THE ONGOING CITIZENS’ Assembly on Drug Use has been in process since March of this year. It is a once-in-a-generation opportunity to critically assess Ireland’s five-decade-long ‘war on drugs’ and develop new policies that aim to reduce harm based on evidence.

To achieve its promise, this remarkable democratic process requires that the Assembly hear from a diverse array of experts and practitioners from across the globe. In March this year, before the Assembly began, we worked with a network of professionals and researchers internationally to develop a database of drug policy experts who could make informed, evidence-based contributions.

This database, presented to Ministers Donnelly, Harris and Naughten, included more than 50 experts from international bodies and governments, including politicians, researchers, police officers, other state actors, and activists. The goal was to ensure that Assembly members heard from those with broad expertise and knowledge of the evidence regarding a range of issues – including the effects of harm reduction services, legal regulation and decriminalisation on the one hand, and the consequences of criminal justice- and police-led responses to drug use on the other.

Who is listening?

We are deeply disappointed to see that, so far, there has been a failure to draw on that wealth of resources of international expertise, and that so many contributions to the Assembly continue to be dominated by parochial and ideological viewpoints that lack a basic appreciation for international evidence or best practices.

Until now, the Assembly has heard oral submissions about drug policing – the State’s primary regulatory response to drug use – from one serving and one retired Garda. One former Garda Assistant Commissioner has been invited to speak before the Assembly twice. By contrast, the Assembly has yet to hear from independent experts on police culture and practices, both highly relevant fields for the Assembly’s terms of reference.
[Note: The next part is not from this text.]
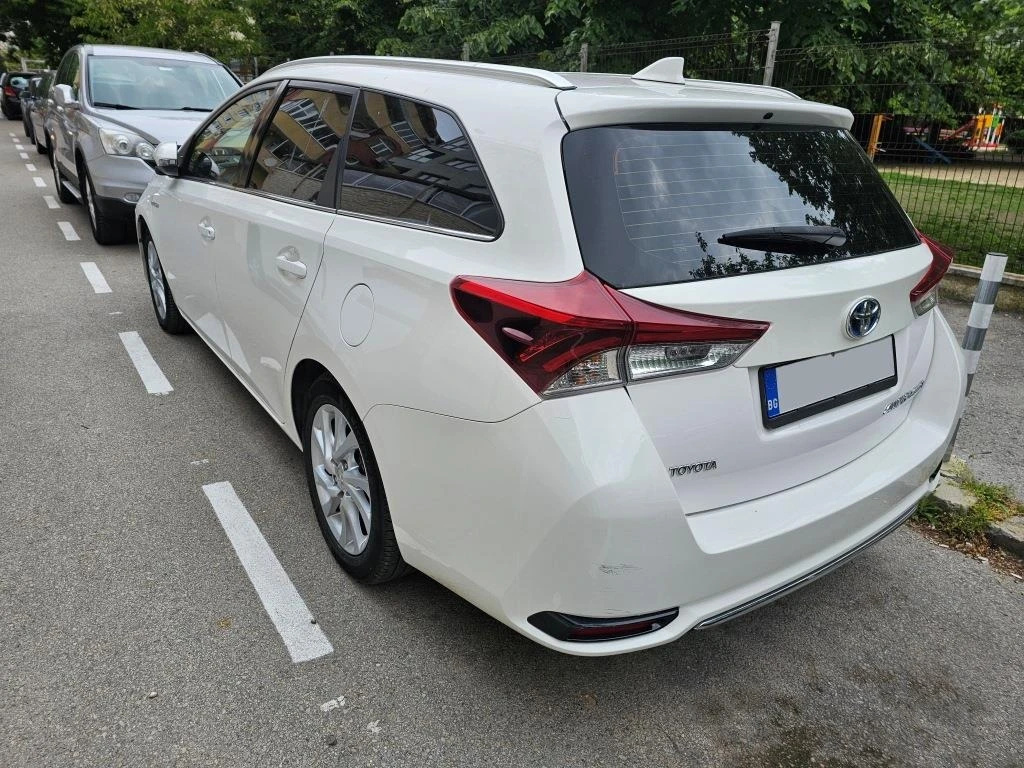 Toyota Auris 1.8 Hybrid - изображение 5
Reports of the Assembly’s last meeting in early September revealed comments by the current and former members of An Garda Síochána that were hyperbolic, misleading and did not align with the best available evidence.
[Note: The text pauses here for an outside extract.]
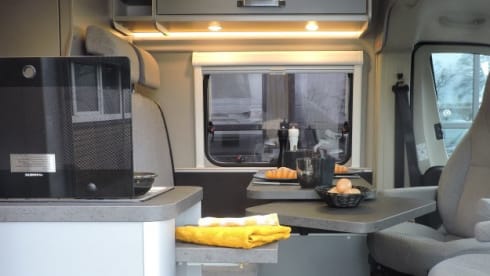 4p Fiat Weinsberg buscamper 2023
First, Assembly members heard that decriminalisation ‘would not work’ in Ireland because of ‘criminal lunatics’ and ‘a level of criminality, violence and viciousness in our criminal underclass that the Portuguese are lucky they don’t have’. In reality, Ireland is mid-ranking in Europe (itself among the safest parts of the globe) in terms of crime rates, and police data in 2021 suggest an intentional homicide rate about half that of Portugal.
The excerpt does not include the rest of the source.